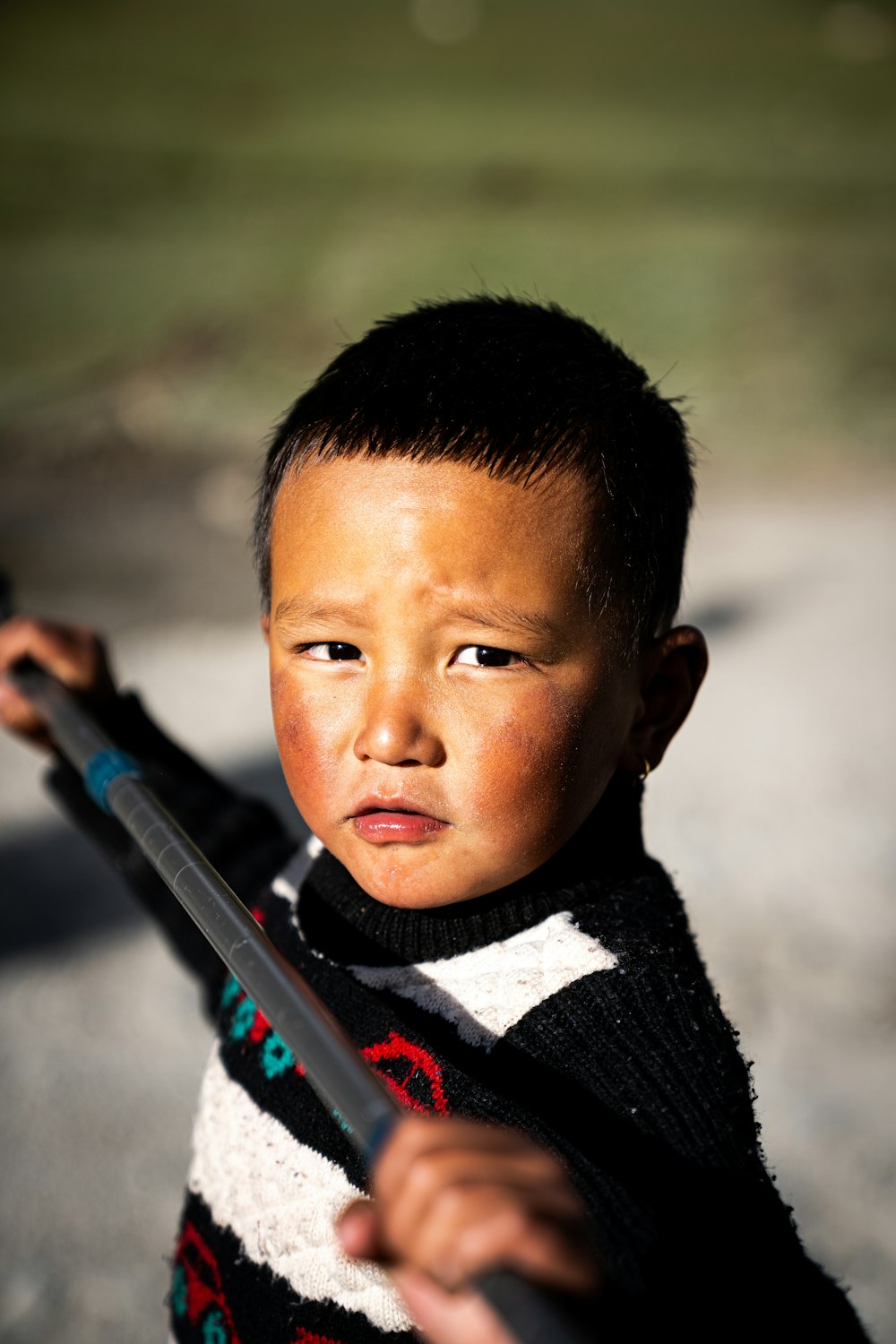 a young boy is holding a baseball bat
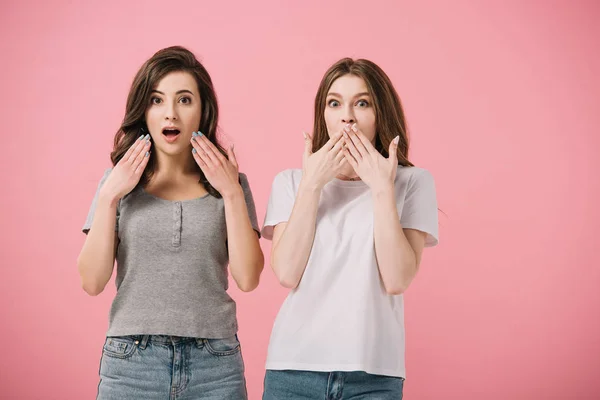 Mujeres atractivas y conmocionadas en camisetas mirando a la cámara aislada en rosa - foto de stock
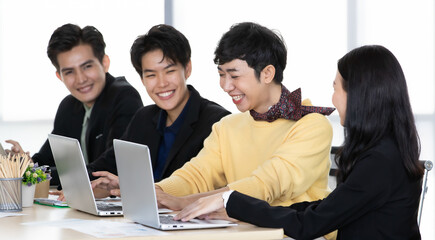 Fototapeta premium A group of multi-sex colleagues businesspeople, tomboy and transgender gay, working together with happy and intimate manner with laptop notebook computer in office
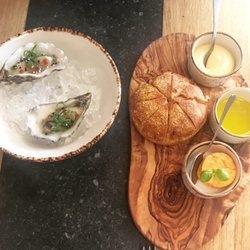 Restaurant Aji - Oyster - sesame, scallions, vinegar sambai  Corn bread - aioli, tomato, olive oil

============================================================

** WHAT NEEDS TO BE DONE **
Take the lines from the one containing "Fototapeta premium A" through the final line of the listing above and print them exactly, including both ends but no pictures.

** OUTPUT OF THE EXERCISE **
 Fototapeta premium A group of multi-sex colleagues businesspeople, tomboy and transgender gay, working together with happy and intimate manner with laptop notebook computer in office
 Restaurant Aji - Oyster - sesame, scallions, vinegar sambai  Corn bread - aioli, tomato, olive oil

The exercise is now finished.